■ Required work
Please write out the whole listing that follows exactly; the pictures stay out.

■ Data block
++++++++++
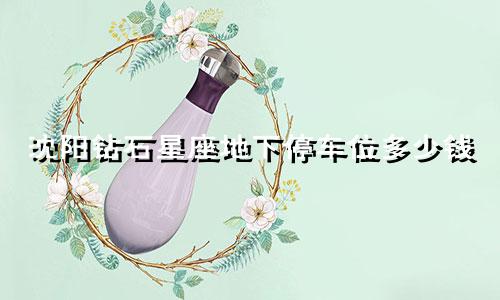 沈阳钻石星座地下停车位多少钱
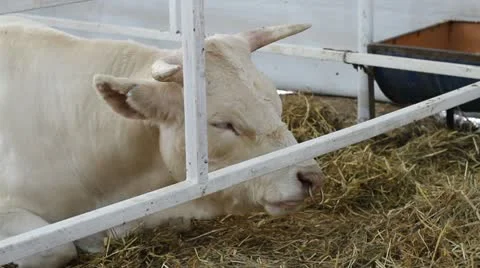 Cow Stock-Footage 12256867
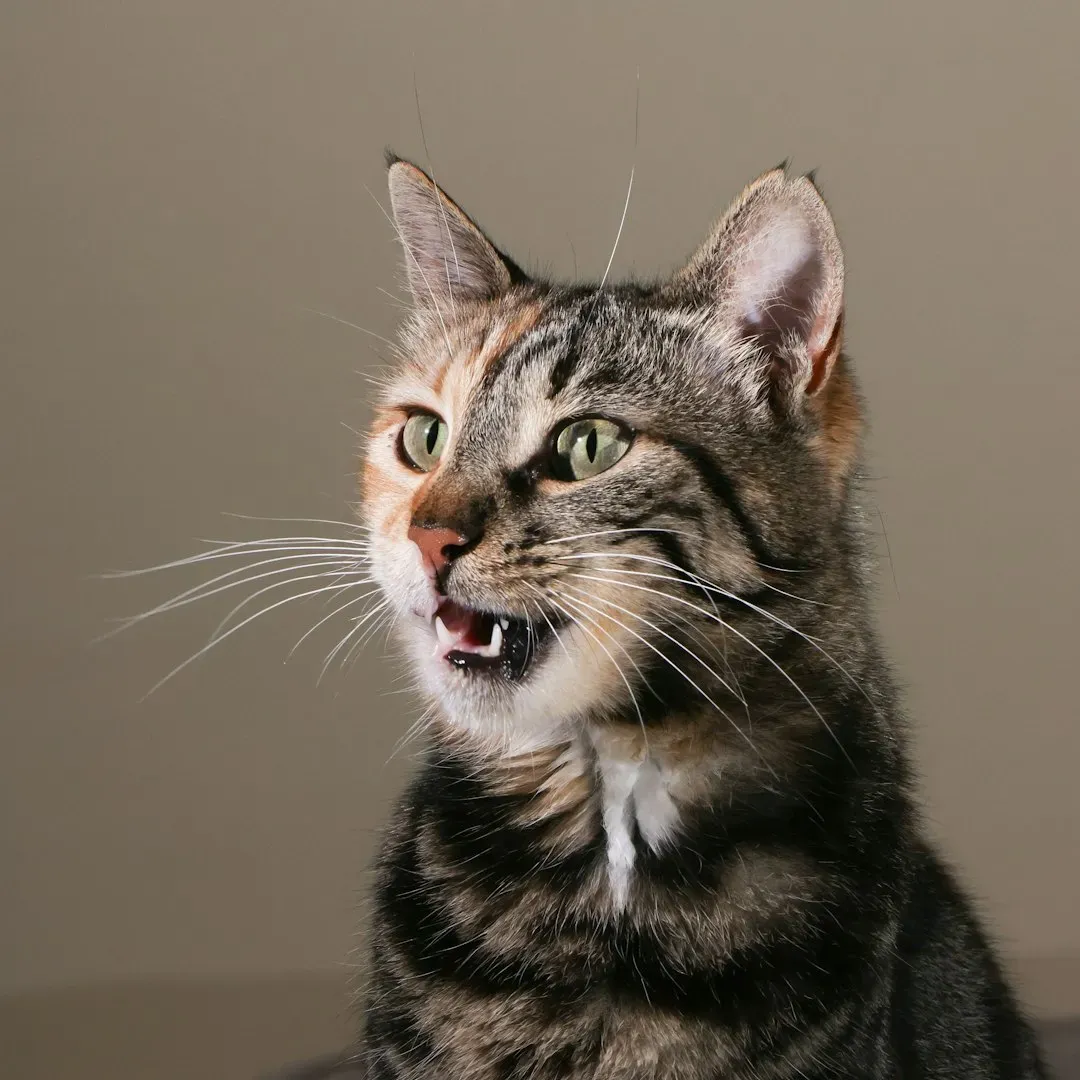 Decoding the Pitch Perfect Meow (Image Credits: Unsplash)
++++++++++
■ Result for this task
 沈阳钻石星座地下停车位多少钱
 Cow Stock-Footage 12256867
 Decoding the Pitch Perfect Meow (Image Credits: Unsplash)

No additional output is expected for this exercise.